*** Opening Exercise data ***
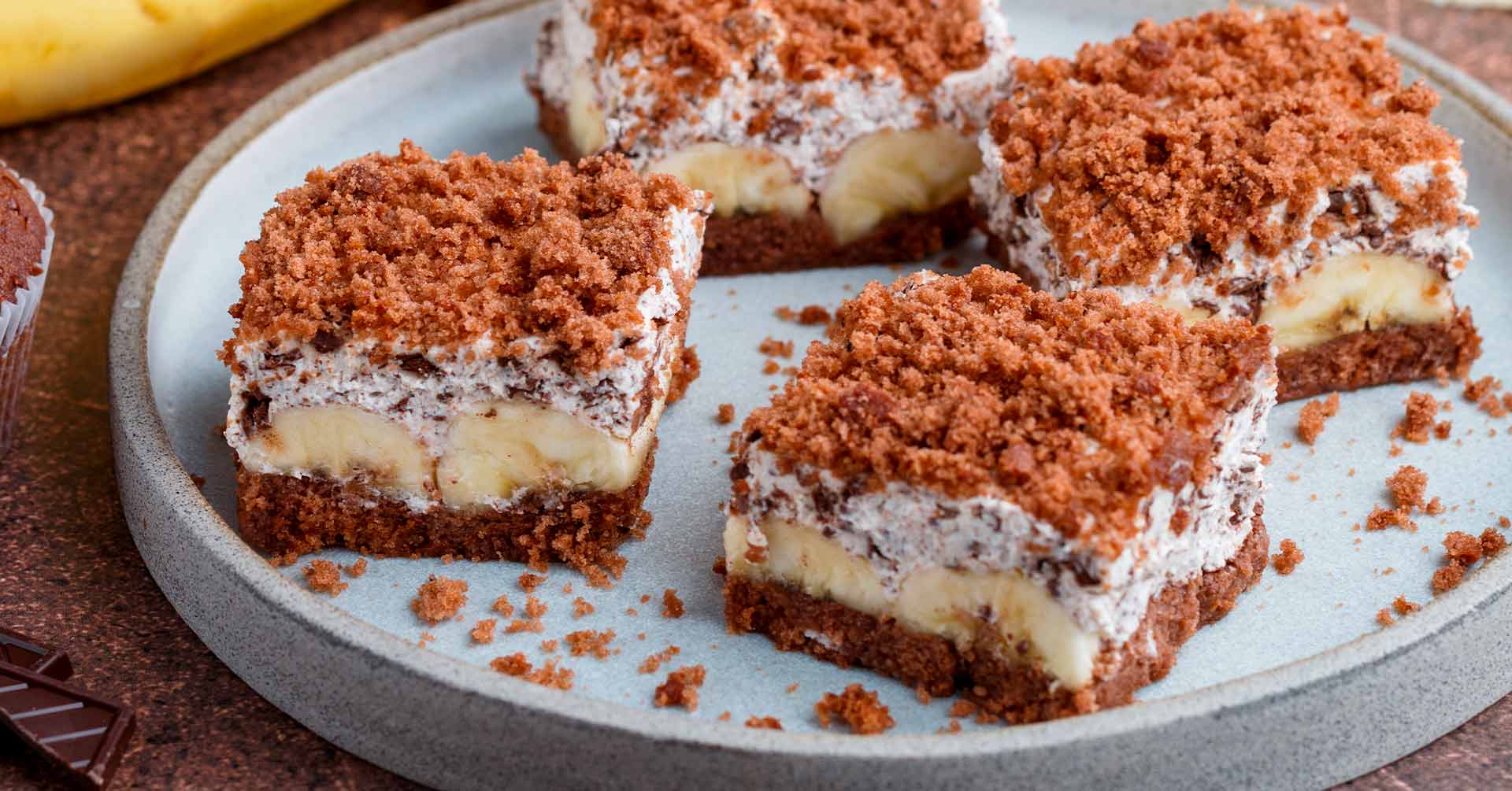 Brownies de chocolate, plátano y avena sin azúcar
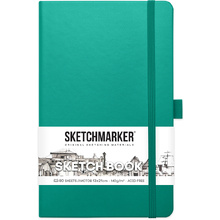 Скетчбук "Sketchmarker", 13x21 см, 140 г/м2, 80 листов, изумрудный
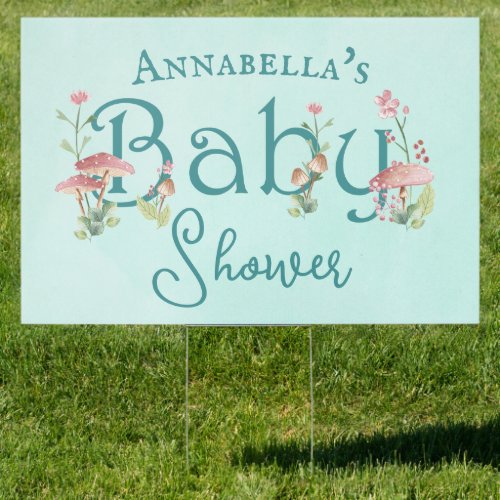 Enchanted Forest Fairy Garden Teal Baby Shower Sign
*** Closing Exercise data ***
*** Opening Exercise data ***
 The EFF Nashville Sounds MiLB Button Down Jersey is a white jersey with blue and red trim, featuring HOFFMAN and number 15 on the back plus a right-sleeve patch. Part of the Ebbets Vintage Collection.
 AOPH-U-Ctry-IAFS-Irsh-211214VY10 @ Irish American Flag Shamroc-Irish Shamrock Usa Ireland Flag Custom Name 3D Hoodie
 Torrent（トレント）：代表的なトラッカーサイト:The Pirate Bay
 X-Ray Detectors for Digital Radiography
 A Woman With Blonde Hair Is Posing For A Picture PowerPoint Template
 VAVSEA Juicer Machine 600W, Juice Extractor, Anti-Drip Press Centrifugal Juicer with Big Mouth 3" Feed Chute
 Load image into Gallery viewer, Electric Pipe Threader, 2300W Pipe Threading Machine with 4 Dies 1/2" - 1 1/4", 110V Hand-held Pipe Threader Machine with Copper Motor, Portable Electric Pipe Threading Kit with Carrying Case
*** Closing Exercise data ***
*** Opening Exercise data ***
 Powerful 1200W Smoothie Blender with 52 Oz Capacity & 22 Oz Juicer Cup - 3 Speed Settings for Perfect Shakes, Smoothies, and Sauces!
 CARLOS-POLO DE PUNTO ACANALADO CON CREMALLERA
*** Closing Exercise data ***
- Problem statement
Within the listing above, copy exactly the lines that start at the one with "80 листов, изумрудный" and continue through the one with "Enchanted Forest Fairy". Omit pictures.

- Output for this task
 Скетчбук "Sketchmarker", 13x21 см, 140 г/м2, 80 листов, изумрудный
 Enchanted Forest Fairy Garden Teal Baby Shower Sign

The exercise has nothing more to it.